Friday, November 25, 2011

Illustration Friday: Sun Mantra

Round is the theme for this week from Illustration Friday. The illustration I chose to share today incorporates a few unique concepts and is called "Sun Mantra." This triptych is from 2008 though I've not displayed or framed it as of yet.
Sun Mantra / inks on bristol / 2008
The tiny peace sign in the middle of the sun you may recognize as my branded symbol made out of bones which you see all over my site. The element found its way into a couple of other works the past couple of years and I drew the peace sign again by itself late last year to begin using as sort of a signature for many of my designs and promotional materials. The strongest element of this composition though is the gradation of the eyes around the inside of the sun. These eyes cycle through a spectrum of grey tones and give much life, movement and visual context to the work.

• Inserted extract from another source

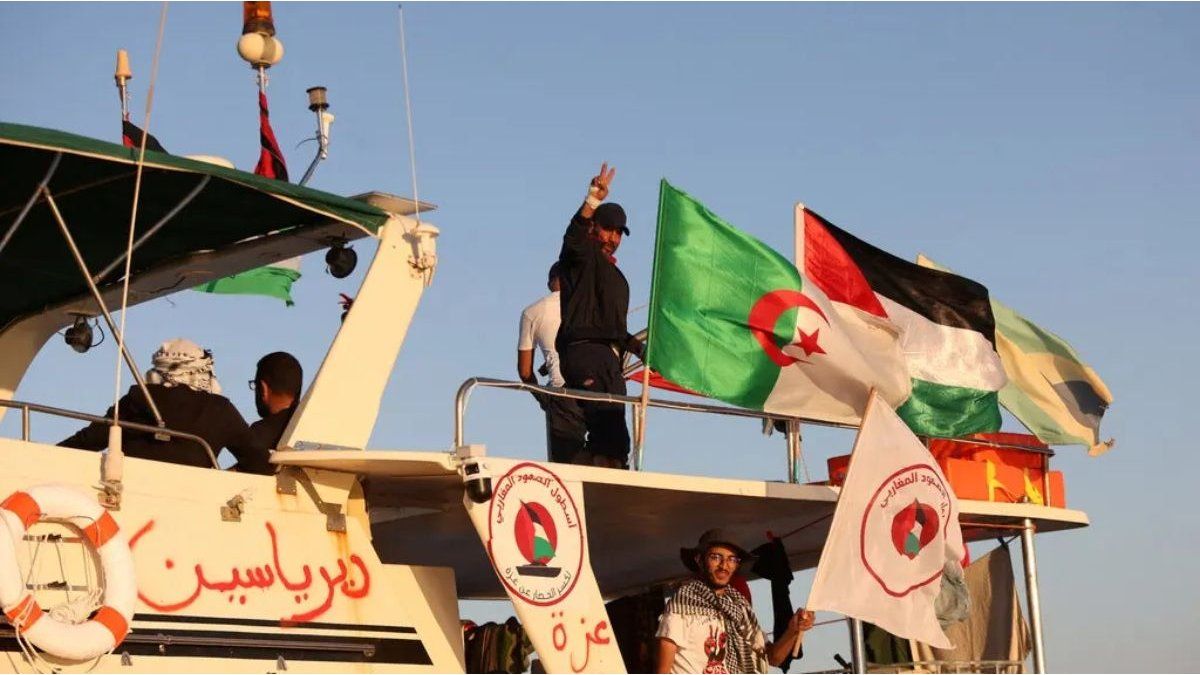 Israel acknowledged that he arrested 400 activists traveling on the flotilla to Gaza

Thursday, November 24, 2011

Killer Queen: A Portrait of Freddie Mercury

Queen was a band which found segways into my life at an early age through both main stream means and later self-discovery. I've seemed to find a deeper appreciation for their music and Freddie Mercury's arrangements and lyrics over the years.  What was a handful of fun songs as a teenager has turned into a journey and wide range of songs with each holding special memories for me.... some with friends, some with school and more recently- some with my wife. Here's a brand new portrait I just finished up this evening of Freddie with imagery from several of the group's songs...
Freddie Mercury / inks on bristol / 2011

I like something a bit different... actually, a like EVERYthing a bit different.... this goes in all walks of life including art, film, literature and especially music.  Freddie was one of a kind and I drew up a unique portrait of him for Rock Star Martyr this week.  I summoned the most flamboyant edges of the Universal Creative Spirit for this one!

Monday, November 21, 2011

In Memoriam: Cujo

I ended up with a very unique commission last week from a co-worker at my day job. Tim called me up from our service department about his German Shepherd, Cujo a couple of weeks back.  Through some unfortunate and cruel actions on the part of a couple of young local soldiers (I live next to Ft. Campbell, KY,) Tim's dog was poisoned here in town.  The guilty parties are being held accountable financially though the military but the loss of Cujo left a large empty space in Tim's life so he explained to me his idea for a memorial to remember the big guy by.  He delivered to me a 200 lb concrete statue of a German Shepherd and asked me to paint it to look like his dog which I was happy to do being a dog lover and understanding what it meant to him.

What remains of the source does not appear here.